Put simply, the main inequalities are as follows:
– Married Bahamian men and unmarried Bahamian women automatically pass their citizenship on to their children at birth.
- Bahamian women cannot pass their citizenship on to their overseas-born children at birth, if they are married to a non-Bahamian.
- Single fathers may not pass their citizenship on to their children, as the constitution defines children born out of wedlock as not having a father.
- The non-Bahamian wives of Bahamian men are afforded the right to be granted citizenship upon application.
- The non-Bahamian husbands of Bahamian women are afforded no such right.
The issue, however, is complicated by several other requirements that make the passing on of citizenship from parent to child less straightforward.
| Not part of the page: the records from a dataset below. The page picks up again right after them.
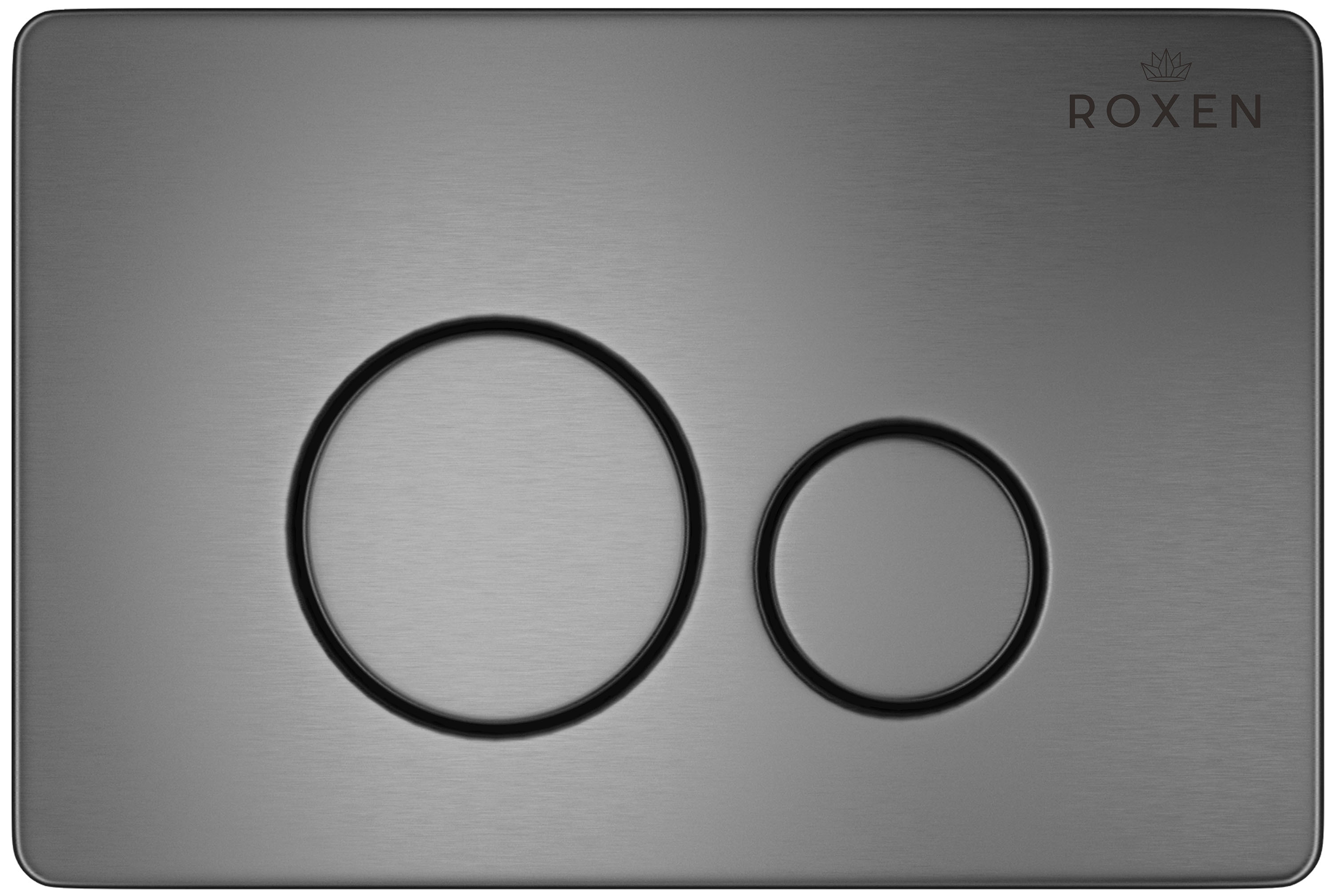 клавиша смыва roxen steel 420260g сталь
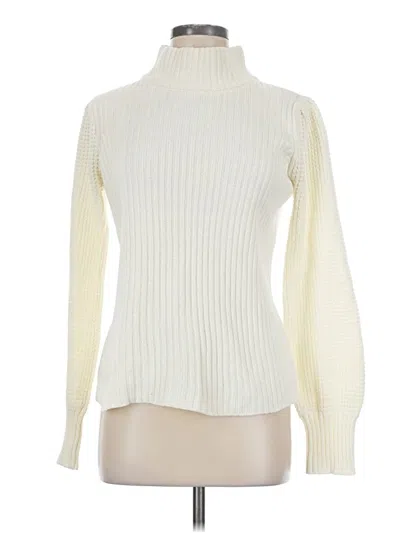 Pre-owned Lulus Turtleneck Sweater In White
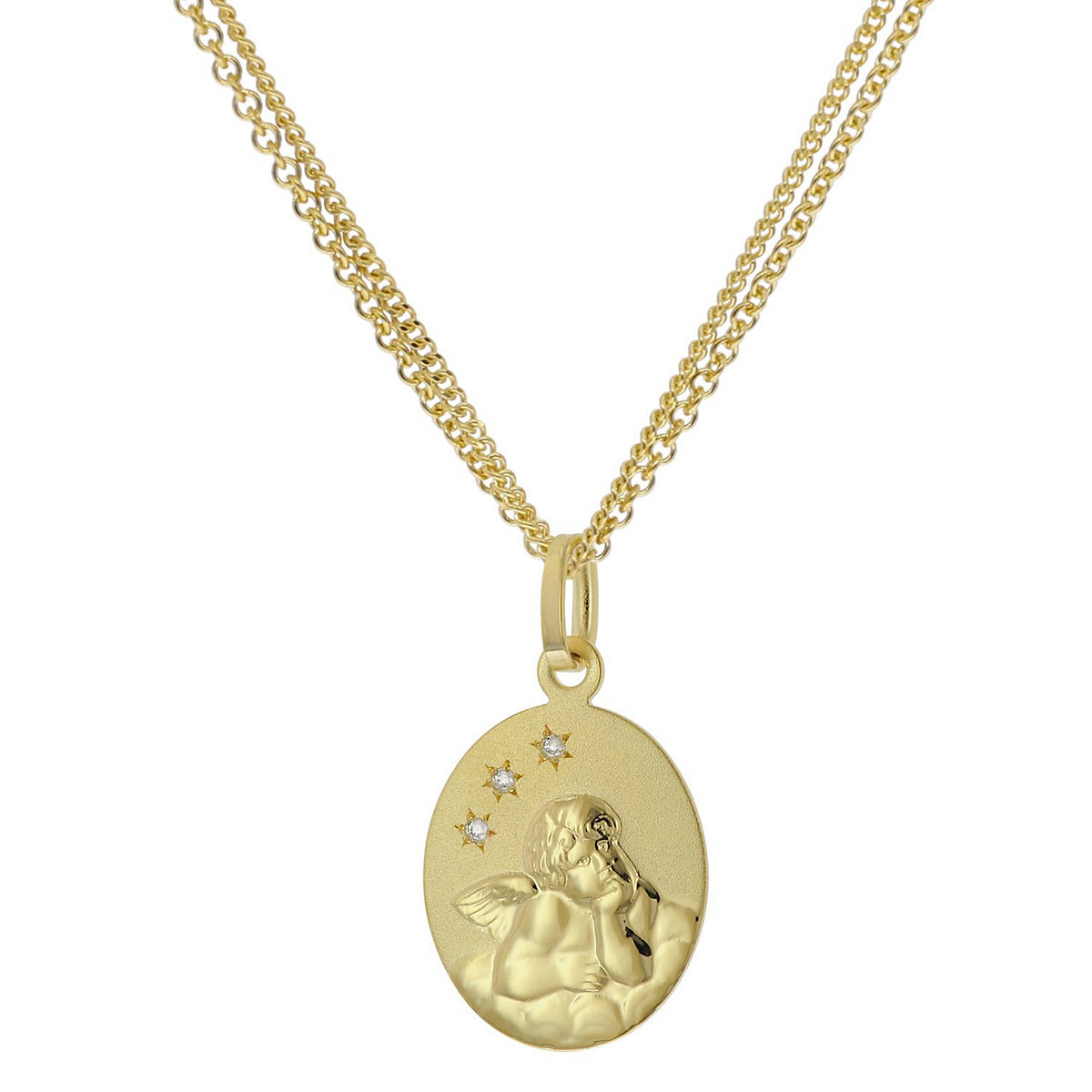 Kinder-Halskette mit Schutzengel-Anhänger Gold 333 (8 Karat) Halsketten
Primary among these is a clause which addresses the institution of marriage. Under this clause, unmarried Bahamian mothers are defined as “fathers” for the purpose of passing on their national status to their babies. This particular clause also nullifies single Bahamian fathers’ ability to pass on their citizenship.
The four bills drafted to amend the constitution seek to rectify the situation. They are designed to promote equality for children, among men and women, and to enshrine the principle of equality throughout the constitution. The first of these seeks to award the children of both Bahamian men and women citizenship at birth. The second entitles all non-Bahamian spouses of Bahamian citizens to Bahamian citizenship. The third allows single Bahamian fathers to pass their citizenship on to their offspring. And the fourth bill seeks to enshrine the principle of equality between the sexes in the constitution by adding the word “sex” to the list of categories under which discrimination is prohibited.
On the surface, this seems a simple enough task. It is complicated, however, by a public discussion which has focused mainly on the fourth amendment—the one which is, in its own way, the simplest of the proposed changes: the adding of “sex” to the categories prohibiting discrimination.
The current categories include race, place of origin, political opinions, colour, and creed, but exclude sex. The opponents of this amendment have construed the word “sex” as relating to sexual orientation, and have gained much traction in the eyes of the public by claiming the constitutional amendments are designed to permit same-sex marriage. If this Article is amended, their story goes, Bahamians will be giving the government permission to allow same-sex marriages to take place. These arguments obscure the principle of equality between the sexes and make this clause appear the most controversial—which also makes it the most threatened as the time for the referendum draws near.
And there are other questions of inequality that have not been addressed. Most notable among them is the question of birthplace and its effect on the awarding of citizenship to Bahamian children. There are two elements at work here. The first is the fact that birth on Bahamian territory is no avenue to citizenship if neither of one’s parents is Bahamian. The most that a person born in the Bahamas is entitled to is the right to be registered as a citizen upon making application at the age of 18.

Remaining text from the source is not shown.